Why bees love to forage on Salisbury Plain
The bees that make local Salisbury Honey forage on Salisbury Plain, rather than in the City of Salisbury. So the honey they make is mostly from wild flowers.
Salisbury Plain is a large plateau forming part of the chalk downlands that cover southern England. This is, in fact, the largest expanse of chalk grassland in north-west Europe – the result of several thousand years of sheep and cattle grazing.
You might associate Salisbury Plain with Neolithic archeological sites, of which Stonehenge is the most famous. Or perhaps you'll be thinking of military training grounds.
But what may not be not so well known about Salisbury Plain is that it's been named an 'Important Plant Area' by Plantlife, the charity dedicated to conserving plants in their natural habitat.
This, along with the large military training areas that are not accessible to the public, have made Salisbury Plain a wildlife haven. Parts of the Plain are a Special Area of Conservation due to the orchids and other wild plants growing there.
Sanfoin, the honey bees' favourite
Of all the wildflowers that like the chalky soil of Salisbury Plain, the one that attracts the most honey bees is sanfoin (Onobruchis vicifolia). This plant is said to attract more honey bees than any of the other well known honey legumes, including clover, alfalfa and acacia.
This is why nectar from sanfoin is the most predominant in our Salisbury honey.
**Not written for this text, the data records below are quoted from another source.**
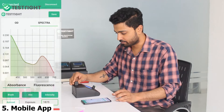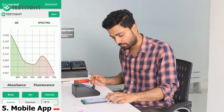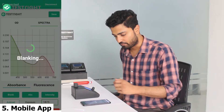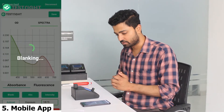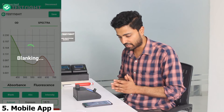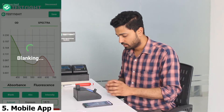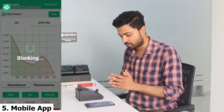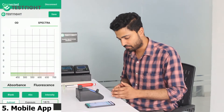I insert the blank sample and click on the blank here on the app. Within five seconds you can see the blank has been done. Both the screens are showing the same value, same message.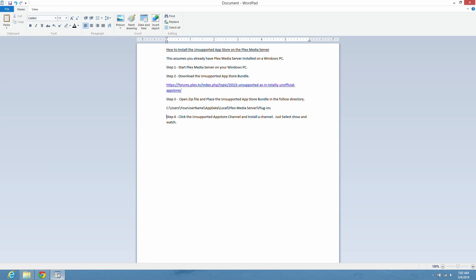Hello everyone. This is a how-to on installing the unsupported App Store onto the Plex Media Server. This assumes you already have the Plex Media Server installed on your Windows PC.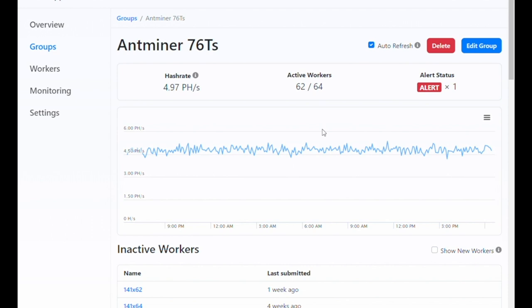You can add a worker to as many groups as you want, which means you can create different scopes of alerting for the same set of miners, which can be useful in identifying the extent of an outage.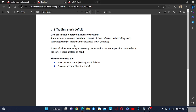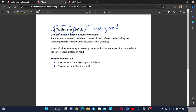Today we are going to focus on the term trading stock. We will be looking at trading stock deficiency and trading stock surplus.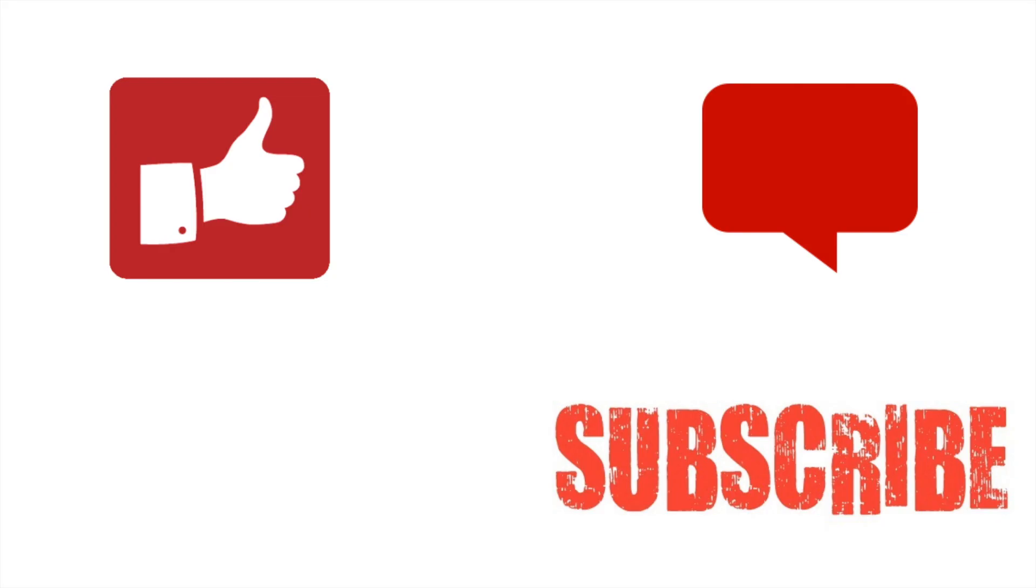Thumbs up if you like this video. Subscribe to my channel if you want more videos. And leave your questions in the comment section below. Bye!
Sanfoin honey has a delicious, sweet taste and is a paler golden colour than other honeys.
Sanfoin flowers (shown above) are almost conical in shape with small pink, or sometimes whitish, stripy leaves, at the base. It flowers between between May and September.
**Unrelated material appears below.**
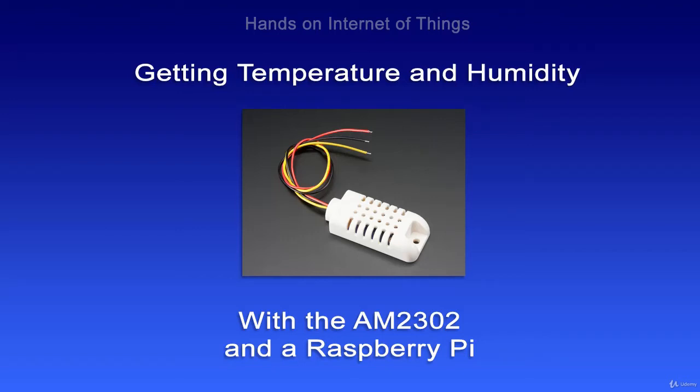In this video I'm going to show you how to measure temperature and humidity with the AM2302 and a Raspberry Pi.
As well as growing wild, sanfoin is also used in agriculture as a soil cover crop and provides forage for sheep and cattle as well as honey bees. It's also called 'holy hay'!
Sanfoin had been declining in popularity since the 1960s, but is now attracting more interest due to the trend towards sustainability, the plant's beneficial properties and increased support for pollinators.